[Product Innovation]
Scalable, Reconfigurable Processor Adjusts Logic For Top Performance
An array of processing tiles, coupled with a reporgrammable fabric, can adjust its on-chip resources in a single cycle to optimize itself for the task at hand.
In the first silicon implementation of the RCP architecture, the CS2112, designers opted to combine four slices, or 12 tiles, onto one chip. That gives the system designer 84 datapath units, 24 multipliers, and 48 local-store memories, totalling 196 kbits. With all blocks active and the clock running at 125 MHz, the chip provides a maximum compute throughput, with 16-bit data, of 24 BOPS, and 3 billion 16-bit multiply-accumulates/s. In terms of communications applications, that translates into the ability to implement 50 channels of cdma2000 processing.
In addition to the four-slice CS2112, Chameleon plans to release two scaled-down versions, the two-slice CS2106 and the single-slice CS2103. Both chips can function in less-compute-intensive applications. Their performance and I/O buses equal half or a quarter of those in the CS2112.
The initial market for RCPs includes basestations, fixed-point wireless local loops, smart antennas, voice-over-IP, secure communications, and very high bit-rate digital-subscriber-line (VDSL) systems.
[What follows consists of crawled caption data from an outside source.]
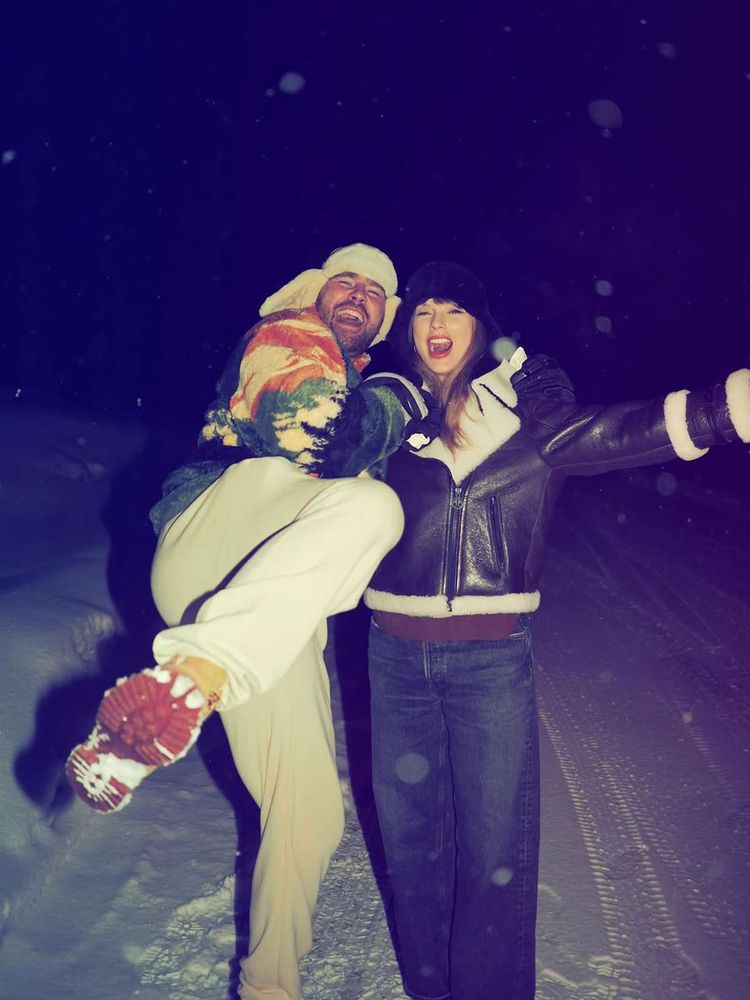 Taylor and Travis in the snow at night. Travis left, is wearing a colourful jumper and white trousers and kicking his left foot in the direction of the camera. Taylor right, is wearing a black jacket and denim jeans. 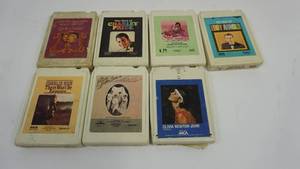 8 track cassettes with artists including Eddy Arnold, Charley Pride, Charlie Rich etc.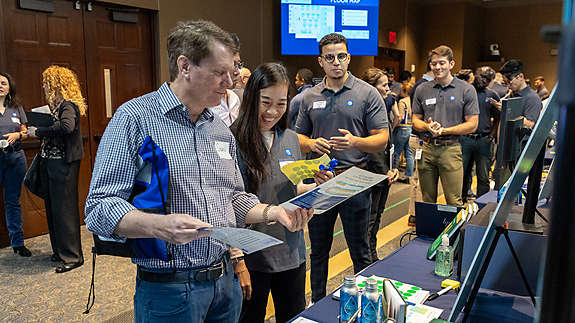 Employees at Data+Analytics+AI Expo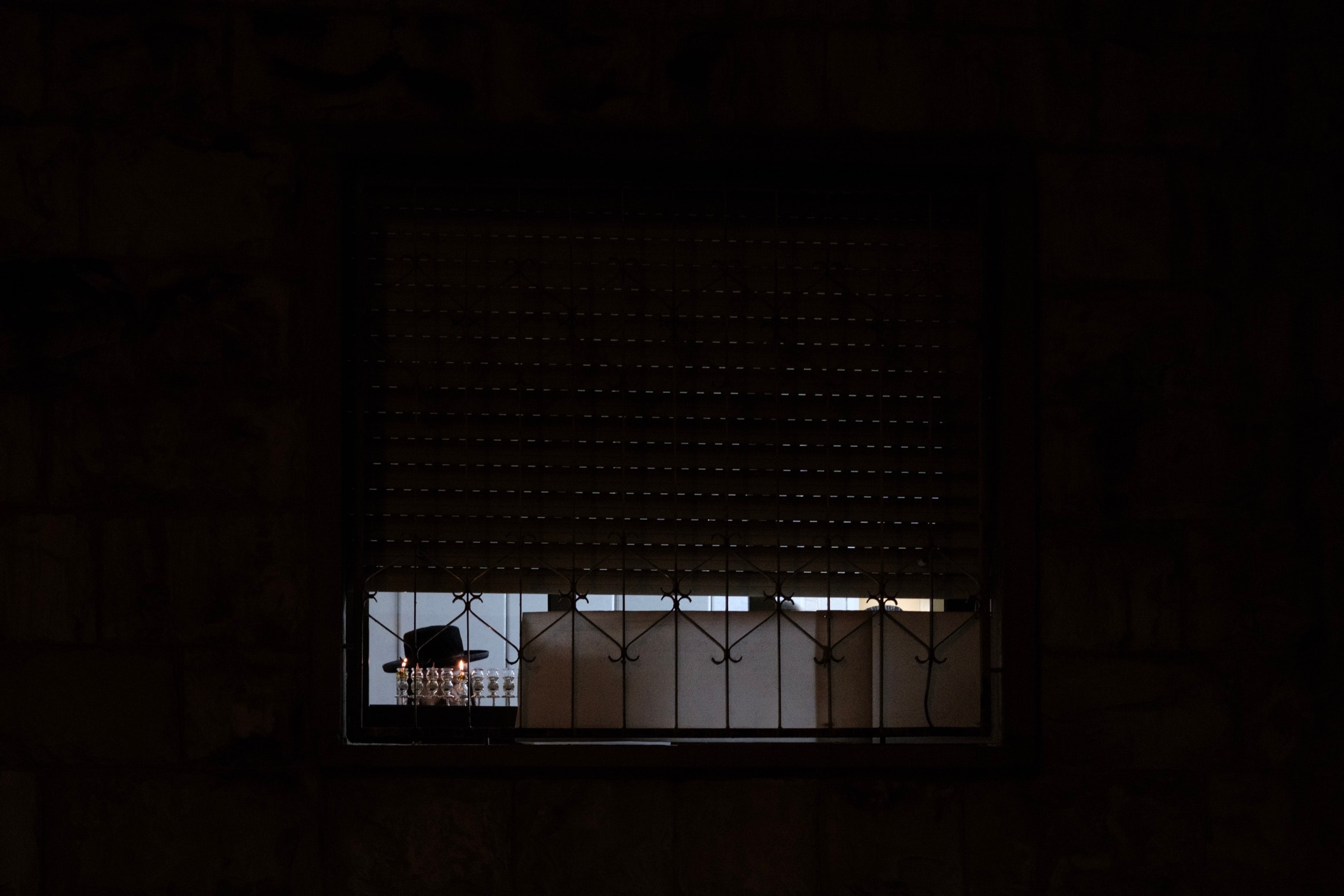 A lit menorah seen through a window with half-closed blinds and iron bars, the top of a black hat just visible below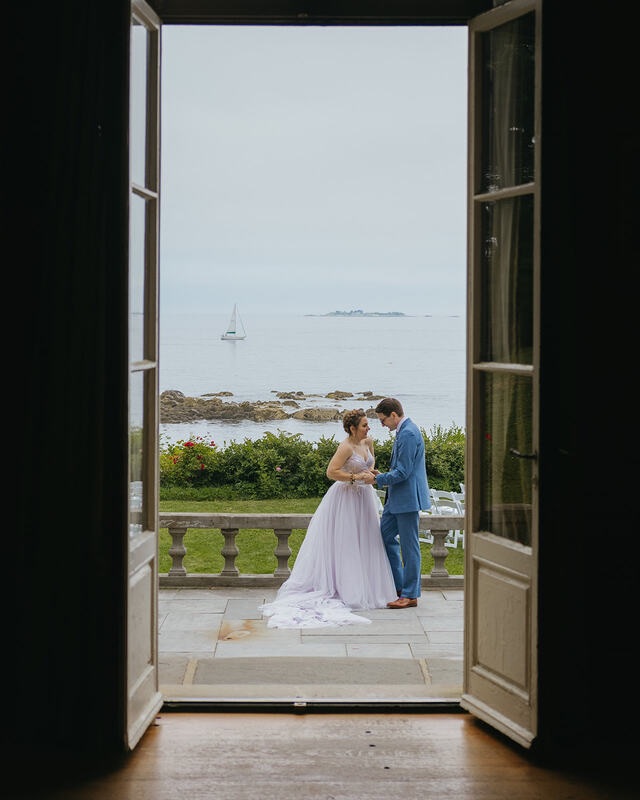 Wedding couple oceanfront balcony doors romantic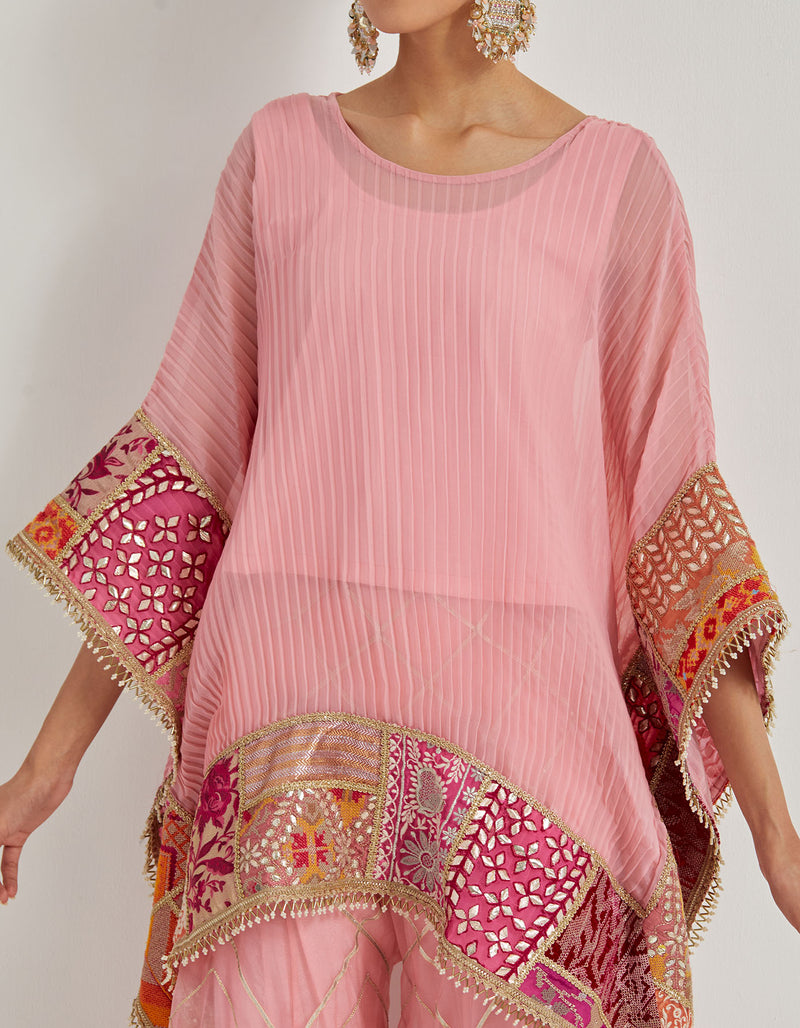 Salmon Pink Crinkle Georgette Poncho Top Paired With Organza Patch Work Sharara Pants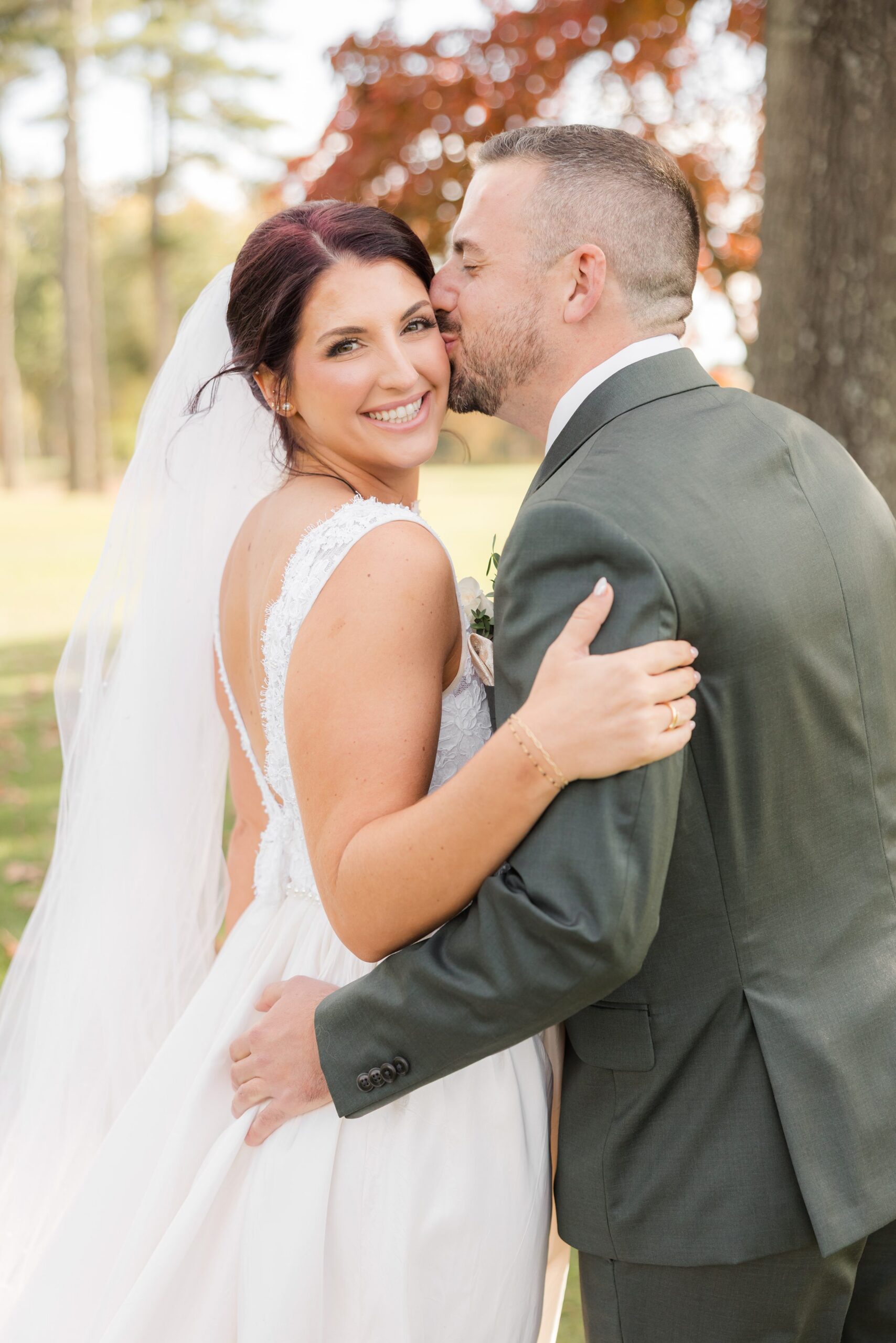 Groom kisses the bride’s cheek as she smiles radiantly, wrapped in a moment of pure affection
It encompasses various other communications applications that traditionally use DSPs and FPGAs.
Configurable compute tiles form the heart of the RCP. Each holds seven 32-bit datapath units, four local store memory blocks, two single-cycle multipliers, and a control unit. Routing multiplexers, a barrel shifter, registers, mask logic, a 32-bit operation block, and several output registers lay inside the datapath unit. The local store memories are multiported. They possess the ability to perform simultaneous reads and writes. They also can be concatenated to form wider or deeper memory blocks.
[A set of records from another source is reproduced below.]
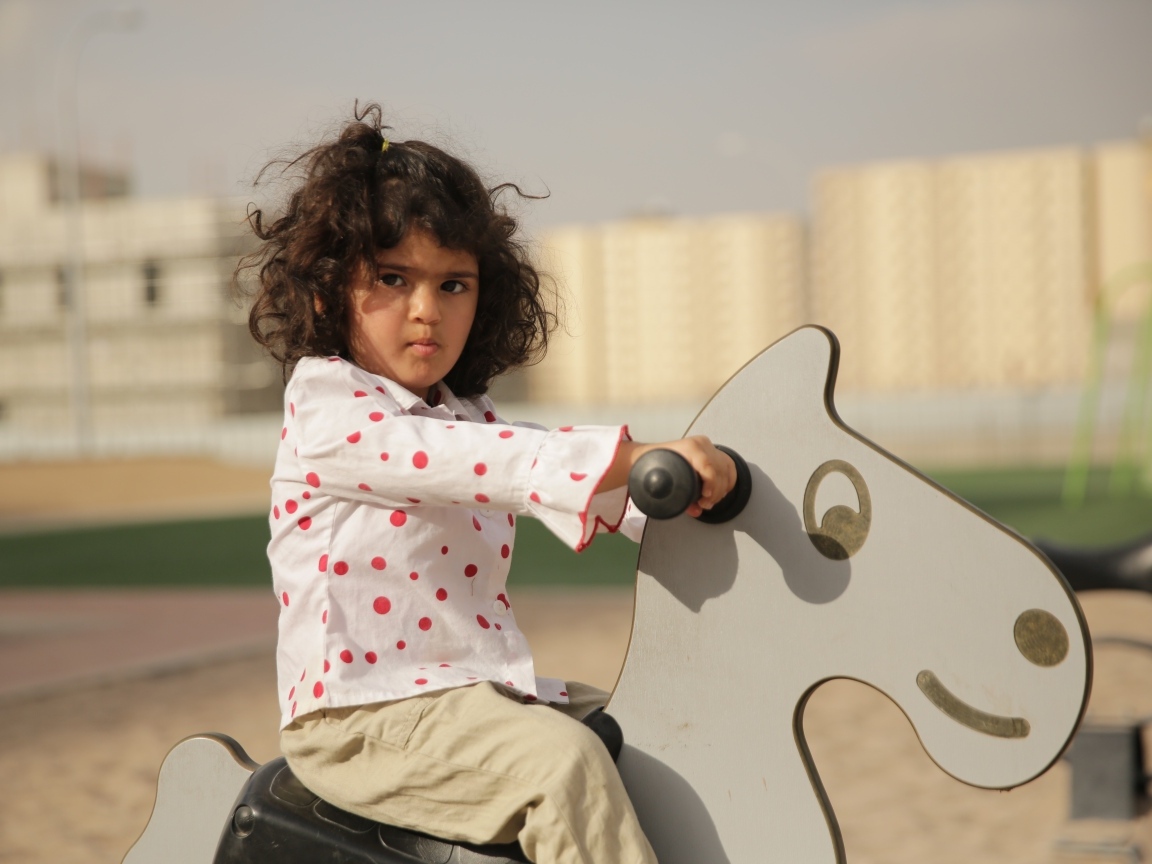 Маленькая девочка на деревянной лошади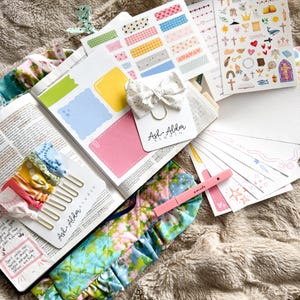 May include: An open book with colorful sticky notes, decorative stickers, and a bow-shaped paper clip. The book is surrounded by a floral fabric cover, bookmarks, and a pink pen with the word "smile". The items are arranged on a soft, textured surface.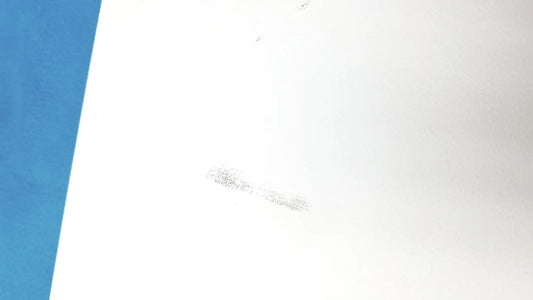 A faint gray smudge on the white surface of the natus ultrapro s100 unit control panel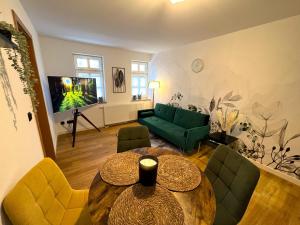 a living room with a table and a green couch at Apartments Dombergblick - Suhl, Stadtmitte in Suhl
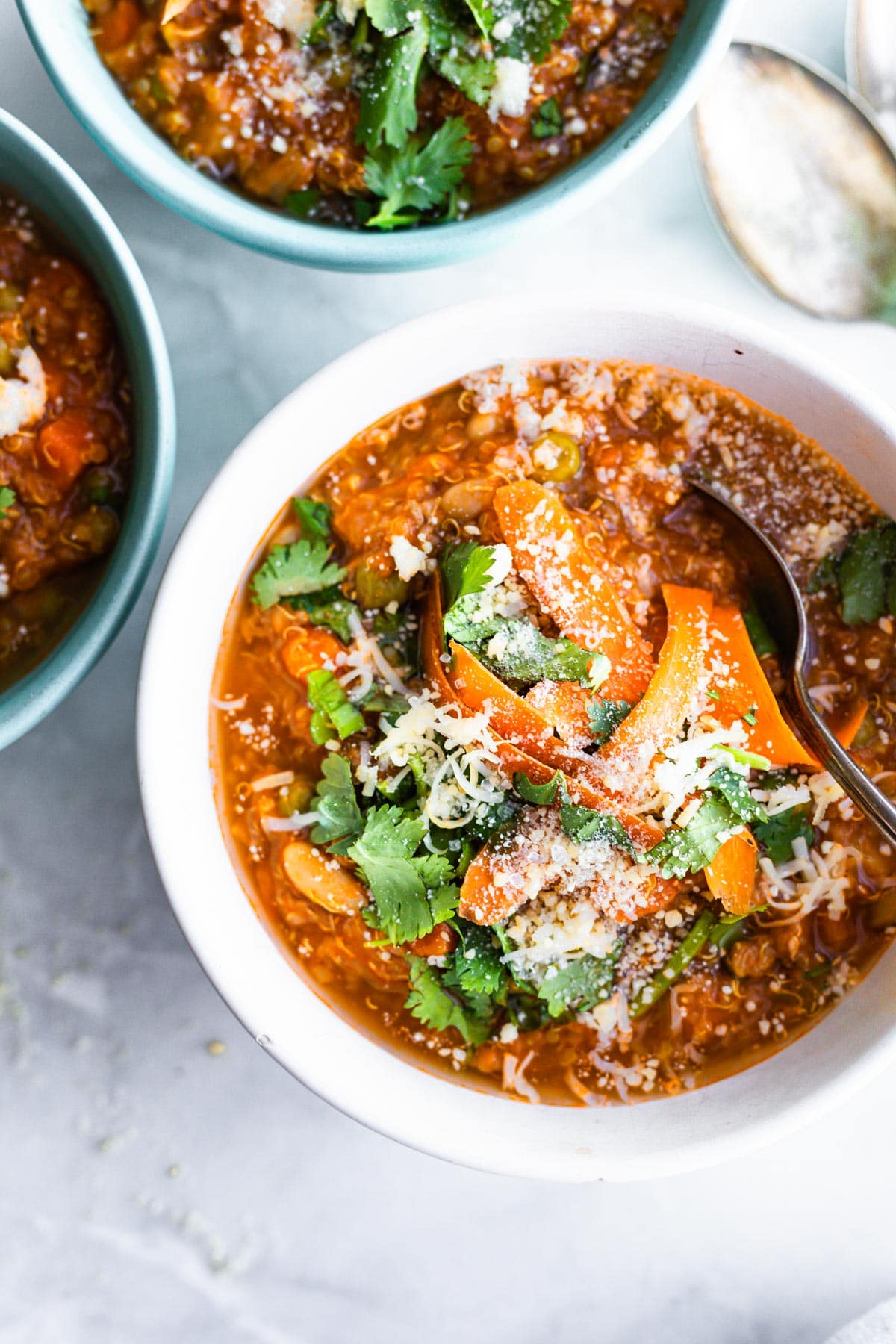 bowl of sausage and quinoa stew with spoon in soup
The datapath is able to handle, 16- and 32-bit word operations, and dual, independent 16-bit data streams. These streams are for operations like single-instructions/multiple data. Word- and byte-swapping and word duplication are done by the 32-bit barrel shifter. It can generate any 5-bit constant, to be employed by the register and the two 32-bit AND/OR mask operators.
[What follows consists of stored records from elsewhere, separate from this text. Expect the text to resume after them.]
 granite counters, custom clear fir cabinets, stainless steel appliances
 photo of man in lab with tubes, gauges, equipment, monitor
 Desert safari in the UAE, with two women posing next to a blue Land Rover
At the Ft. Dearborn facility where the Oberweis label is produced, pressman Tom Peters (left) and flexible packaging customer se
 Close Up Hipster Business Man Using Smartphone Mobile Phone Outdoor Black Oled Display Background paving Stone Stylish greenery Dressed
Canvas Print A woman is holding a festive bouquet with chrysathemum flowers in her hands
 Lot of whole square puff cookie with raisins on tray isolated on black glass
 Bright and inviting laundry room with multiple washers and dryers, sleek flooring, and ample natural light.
The 16- by 24-bit multipliers provide a result in a single cycle. In 16-bit mode, they can produce a signed 32-bit product. In full-resolution mode, they create a 40-bit product that's rounded to 32 bits.
Equivalent to an ALU, the 32-bit operation block directly implements all C and Verilog operators. It performs number calculations, signed/unsigned shifting, and bit-field masking-data operations. All registers for the datapath have conditional enables to improve pipelining efficiency. At reconfiguration, registers can either initialize or preserve their state. Furthermore, there's an optional-use shifted-feedback mode for shift-register and LFSR implementations.
Tying all of the logic together, the interconnect fabric guarantees 100% routability through a fully enumerated interconnect hierarchy. The routing employs a rule-based timing model that's simple and deterministicone clock cycle within a slice, and two clock cycles for other slices. Timing is independent of fanout.
There are three levels of hierarchy for routing in the dynamic interconnect. At the first level, local routes connect nearby datapath units with just a one-clock cycle delay. With the same delay, intraslice routes connect all datapath units within a slice. Finally, interslice routes connect datapath units in different slices with a delay of two clock cycles. In each datapath unit, routing multiplexers route signals through or around the datapath units. On a clock-by-clock basis, the multiplexers can be told to alter the data flow.
To conduct the quick personality change, the RCPs contain two configuration memory planes. The active plane holds the configuration for the function being executed. The shadow or background plane holds the most likely alternative configuration that the current algorithm may have to call upon. If it's called, the control logic only needs a single cycle to switch from the current to the background plane. The active plane then becomes the background plane. New configuration data is able to load into it from external system memory at a speed of about 3 µs per slice.
Using this updating approach makes multipart algorithms possible. An example of such an algorithm uses the four key parts of the power-control group employed by the cdma2000 chip-rate processing algorithm. Those parts include pseudonoise sequence generation, demodulation, finger searches, and access searches.
In a traditional ASIC, each piece of software is implemented as a different logic block and the four blocks are cointegrated on the chip. That gives designers little flexibility for updates or function changes.
In contrast, only enough resources for the most complex function must be allocated with Chameleon's approach. While one algorithm executes from the active plane, the pattern for the next function transfers to the shadow plane.
For the cdma2000 function, the four algorithms mentioned require 77, 615, 224, and 334 µs to execute. The four functions are referred to as one power control group. Depending on the algorithm, all or part of the reconfigurable processing fabric can be devoted to the computations. More reconfigurable resources can be used if that will improve the result's speed or quality.